Pierre Mabille : Ziegfeld follies

Étant donné les couleurs données à tout le monde, Pierre Mabille ne s'en prive pas. Poète, peintre et professeur de couleur à l’École Nationale Supérieure des Arts Décoratifs, son œuvre recombine un motif récurrent jusqu'à ,parvenir aujourd'hui à un antidictionnaire faite d’analogies en une  forme toujours jamais pareille qui ne cesse de bouger en une suite de variations et de laïus.

Qu'on ne s'attende pas à une théorie des couleurs à la Kandinsky. Amoureux d'un certain bleu du ciel cher à Bataille, l'auteur accorde à la poésie tout autant qu'à la peinture la vocation de théoriser les couleurs mais de manière foisonnante, mouvante, pleine de bleus. Et pas seulement à l'âme.

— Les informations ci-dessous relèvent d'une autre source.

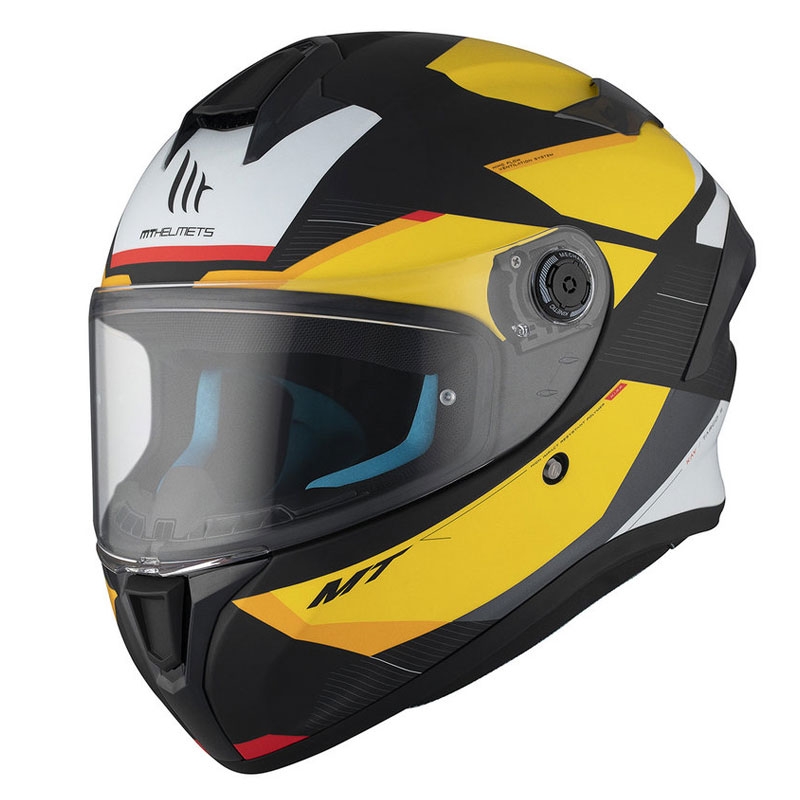MT TARGO S KAY B3 cască de motocicletă integrală mată negru-alb-galben-galben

Mabille en pousse le tropisme obsessionnel avec la lenteur vivante de ses glissements et toujours avec son art du décalage, de la variation. La couleur "poétique" permet de plonger au plus profond et le bleu en devient son puissant allié capable de réunir paroxysme et sérénité.
C'est comme si l'auteur regardait le ciel. Depuis toujours. Non pour se saisir de la galaxie bleue mais des poussières d'étoiles orangées.

Les courts textes saisissent le monde parfois avec une ironie mélancolique. Celle qui par la couleur caresse l'éternité. Il y a là des sensations, des affects dont les poèmes apaisent la douleur au besoin.
Chaque couleur possède ici bien des variations. Comme chez Rimbaud le ciel d'azur devient parfois bleu noir - ce que d'ailleurs Kandinsky déjà cité a senti.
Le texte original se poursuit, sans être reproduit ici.